A 28-year-old female who had previously undergone treatment of intracerebral hemorrhage and meningitis developed a hydrocephalus with TFV. After 3 years she developed disturbance of walking and coordination. Cranial-CT revealed an enlargement of the shunted fourth ventricle as a result of shunt dysfunction. Furthermore a cervical syringomyelia developed. The patient underwent a revision of a failed fourth ventriculo-peritoneal shunt. Postoperatively, syringomyelia resolved within 6 months and the associated neurological deficits improved significantly. An insufficiency of cerebrospinal fluid draining among patients with TFV can be associated with communicating syringomyelia. An early detection and treatment seems important on resolving syringomyelia and avoiding permanent neurological deficits. Ventriculo-peritoneal shunt in trapped fourth ventricles can resolve a secondary syringomyelia 30).
A 4-year-old girl with a ventriculoperitoneal shunt presented with complaints of ataxia and altered consciousness. These symptoms were subacute at onset and progressive in nature.
Radiological evaluation revealed a trapped fourth ventricle with brainstem compression, associated with abnormal diffuse diencephalic signal changes compatible with edema. The entrapment was managed by foramen magnum decompression, resulting in complete symptom resolution and improvement in the abnormal magnetic resonance findings.
While trapped fourth ventricle is a well-described entity, we could not find a similar reported case where such an acute clinical syndrome was associated with such a distinct radiological picture 31).

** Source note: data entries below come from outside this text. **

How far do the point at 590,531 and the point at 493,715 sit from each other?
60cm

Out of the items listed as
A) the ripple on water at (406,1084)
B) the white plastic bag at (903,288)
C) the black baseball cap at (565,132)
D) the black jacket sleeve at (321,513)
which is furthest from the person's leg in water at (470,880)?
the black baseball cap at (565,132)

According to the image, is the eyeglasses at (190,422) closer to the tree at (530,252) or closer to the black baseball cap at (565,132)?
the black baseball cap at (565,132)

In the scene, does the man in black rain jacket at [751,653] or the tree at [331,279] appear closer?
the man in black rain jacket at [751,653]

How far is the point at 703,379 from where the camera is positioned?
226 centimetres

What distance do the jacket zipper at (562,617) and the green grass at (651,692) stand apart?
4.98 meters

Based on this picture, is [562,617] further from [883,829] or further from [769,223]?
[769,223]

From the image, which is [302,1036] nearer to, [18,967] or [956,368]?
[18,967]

A 20-year-old man with complex hydrocephalus and trapped fourth ventricle underwent a suboccipital placement of a VP shunt. Postprocedure patient developed double vision. Magnetic resonance imaging showed that the catheter was penetrating the dorsal brainstem at the level of the pontomedullary junction. Patient was referred to our Neuroendoscopic Clinic. Physical exam demonstrated pure right VI cranial nerve palsy. Patient underwent flexible endoscopic exploration of the ventricular system. Some of the endoscopic findings were severe aqueductal stenosis and brainstem injury from the catheter. Aqueductoplasty, transaqueductal approach into the fourth ventricle, and endoscopic repositioning of the catheter were some of the procedures performed. Patient recovered full neurological function. The combination of endoscopic exploration and shunt is a good alternative for patients with complex hydrocephalus. A transaqueductal approach to the fourth ventricle with flexible scope is an alternative for fourth ventricle pathology 32).

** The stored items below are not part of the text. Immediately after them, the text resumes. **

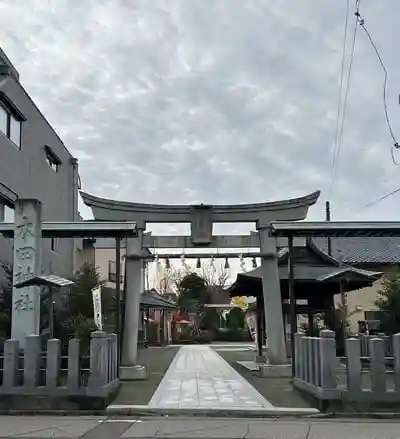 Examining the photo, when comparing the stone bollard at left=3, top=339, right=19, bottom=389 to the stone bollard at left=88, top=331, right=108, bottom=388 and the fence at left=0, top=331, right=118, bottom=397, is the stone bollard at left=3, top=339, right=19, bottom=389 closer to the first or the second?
the fence at left=0, top=331, right=118, bottom=397

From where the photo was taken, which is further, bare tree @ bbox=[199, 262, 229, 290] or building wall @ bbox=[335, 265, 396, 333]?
bare tree @ bbox=[199, 262, 229, 290]

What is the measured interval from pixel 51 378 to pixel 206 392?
Answer: 11.0 ft

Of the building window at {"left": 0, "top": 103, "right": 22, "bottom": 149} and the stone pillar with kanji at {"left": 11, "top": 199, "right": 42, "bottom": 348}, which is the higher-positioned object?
the building window at {"left": 0, "top": 103, "right": 22, "bottom": 149}

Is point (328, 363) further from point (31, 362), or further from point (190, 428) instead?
point (31, 362)

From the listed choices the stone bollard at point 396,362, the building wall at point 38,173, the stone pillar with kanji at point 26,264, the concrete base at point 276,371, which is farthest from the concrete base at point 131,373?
the stone bollard at point 396,362

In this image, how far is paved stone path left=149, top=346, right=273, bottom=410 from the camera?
33.7ft

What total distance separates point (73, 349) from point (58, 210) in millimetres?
15182

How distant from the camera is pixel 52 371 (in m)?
9.89

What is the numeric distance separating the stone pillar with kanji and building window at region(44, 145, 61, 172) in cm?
1059

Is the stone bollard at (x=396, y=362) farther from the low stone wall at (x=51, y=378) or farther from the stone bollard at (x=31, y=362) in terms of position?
the stone bollard at (x=31, y=362)

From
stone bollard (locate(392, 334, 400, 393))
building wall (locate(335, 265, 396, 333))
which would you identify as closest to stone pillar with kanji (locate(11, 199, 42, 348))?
stone bollard (locate(392, 334, 400, 393))

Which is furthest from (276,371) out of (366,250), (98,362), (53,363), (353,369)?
(366,250)

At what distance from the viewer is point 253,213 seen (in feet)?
50.8

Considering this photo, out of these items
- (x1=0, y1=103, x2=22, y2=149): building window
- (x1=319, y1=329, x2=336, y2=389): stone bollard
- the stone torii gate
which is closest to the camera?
(x1=319, y1=329, x2=336, y2=389): stone bollard
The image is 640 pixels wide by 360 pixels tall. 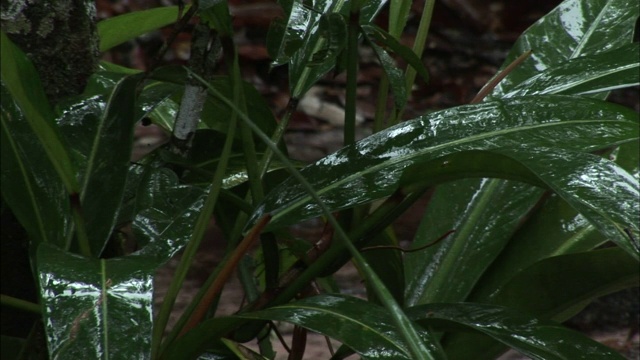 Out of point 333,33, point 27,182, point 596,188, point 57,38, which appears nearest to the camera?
point 596,188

Cranial nerve palsy is rarely seen after shunt placement in an isolated fourth ventricle. In the few reports of this complication, neuropathies are thought to be caused by catheter injury to the brainstem nuclei either during the initial cannulations or after shrinkage of the fourth ventricle. The authors treated a child who suffered from delayed, progressive palsies of the sixth, seventh, 10th, and 12th cranial nerves several weeks after undergoing ventriculoperitoneal shunt placement in the fourth ventricle. Magnetic resonance imaging revealed the catheter tip to be placed well away from the ventricular floor but the brainstem had severely shifted backward, suggesting that the pathogenesis of the neuropathies was traction on the affected cranial nerves. The authors postulated that the siphoning effect of the shunt caused rapid collapse of the fourth ventricle and while the cerebellar hemispheres were tented back by adhesions to the dura, the brainstem became the only mobile component in response to the suction forces. Neurological recovery occurred after surgical opening of the closed fourth ventricle and lysis of the basal cistern adhesions, which restored moderate ventricular volume and released the brainstem to its normal position 33).
The first reported case was a patient with cysticercosis meningitis and communicating hydrocephalus in whom signs of a posterior fossa mass developed a few months after shunting of the lateral ventricles . Air studies and posterior fossa exploration demonstrated an encysted fourth ventricle due to occlusion of its outlets as well as of the aqueduct 34).